- [Task] Copy down every line of the data that follows exactly. Omit the pictures.

- [Given material]
····················

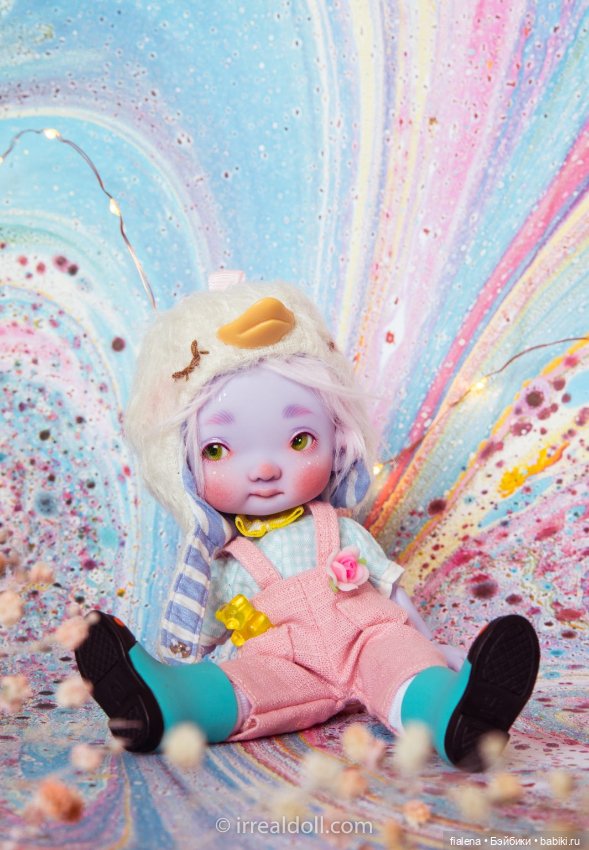 Ния и Дрио от ирреалдолл — Куклы Irrealdoll (Ирреалдолл): BJD (БЖД) (фото 2)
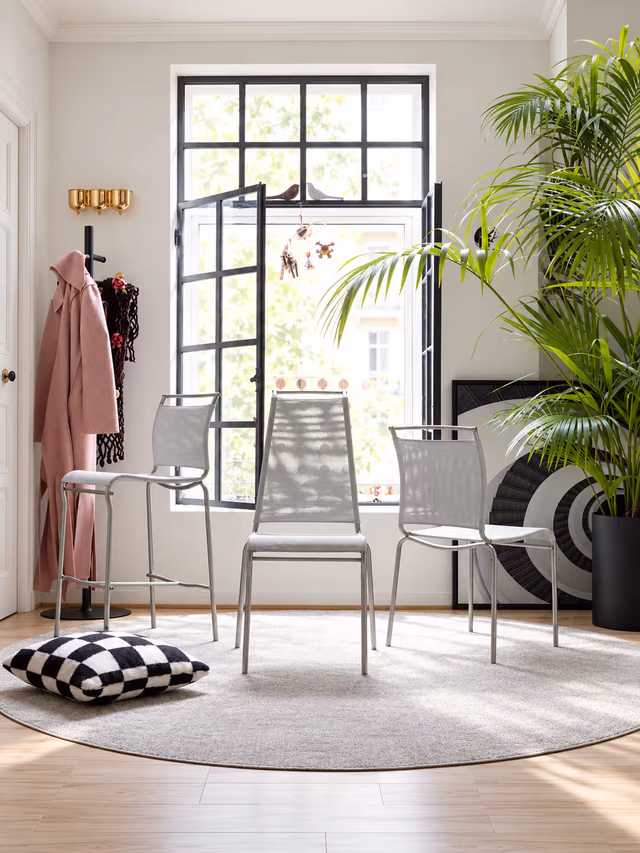 Air collection by Connubia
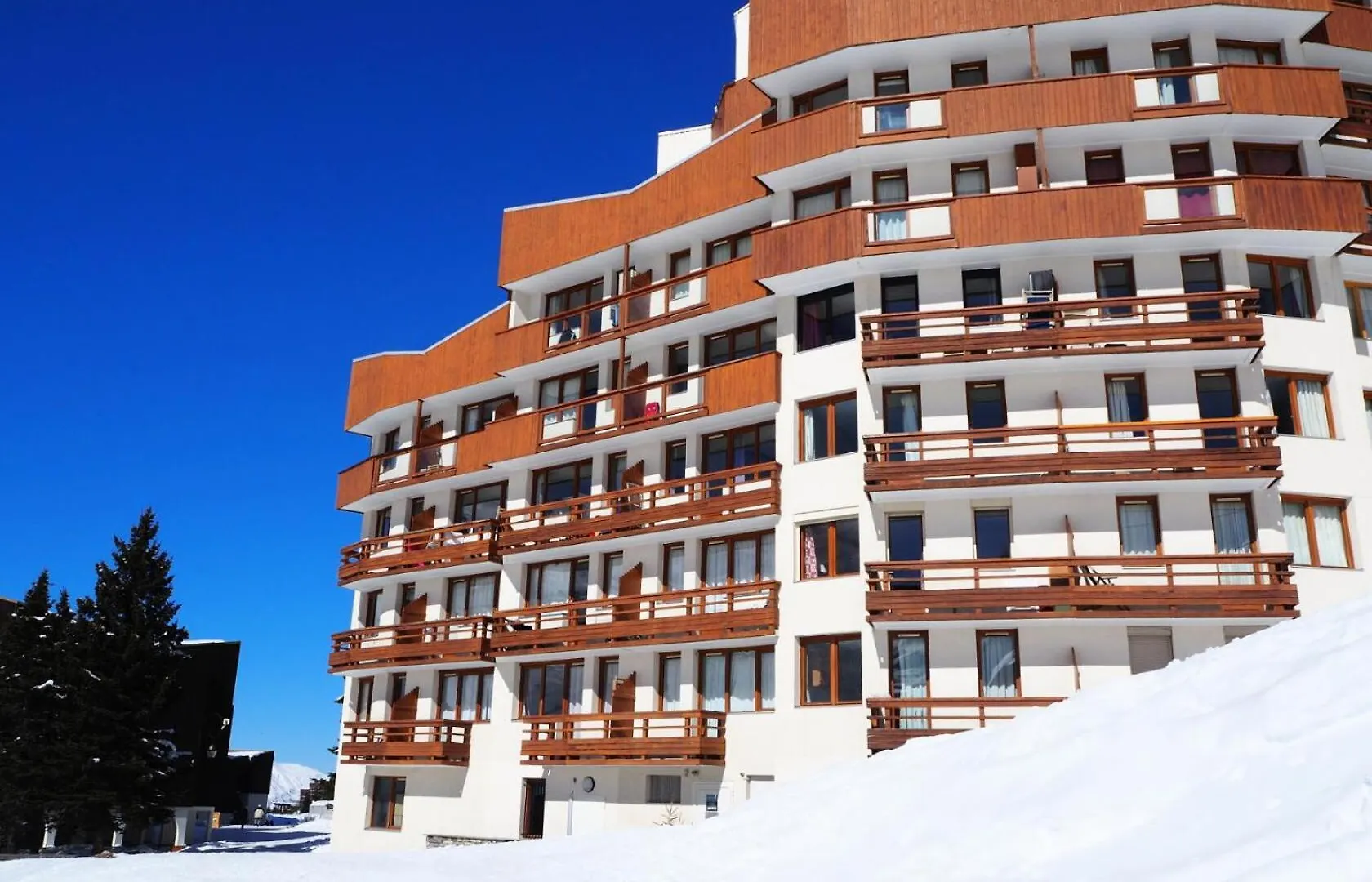 Residence Boedette A - Appartement Renove - Depart Et Retour Skis Aux Pieds - Balcon Vue Montagnes Mae-1114 Saint-Martin-de-Belleville 0*,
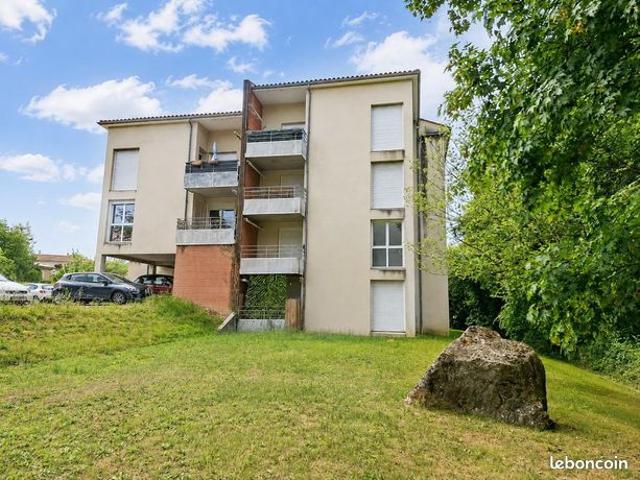 Appartement vente à Angoulême, Saint-michel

····················

- [Answer area]
 Ния и Дрио от ирреалдолл — Куклы Irrealdoll (Ирреалдолл): BJD (БЖД) (фото 2)
 Air collection by Connubia
 Residence Boedette A - Appartement Renove - Depart Et Retour Skis Aux Pieds - Balcon Vue Montagnes Mae-1114 Saint-Martin-de-Belleville 0*,
 Appartement vente à Angoulême, Saint-michel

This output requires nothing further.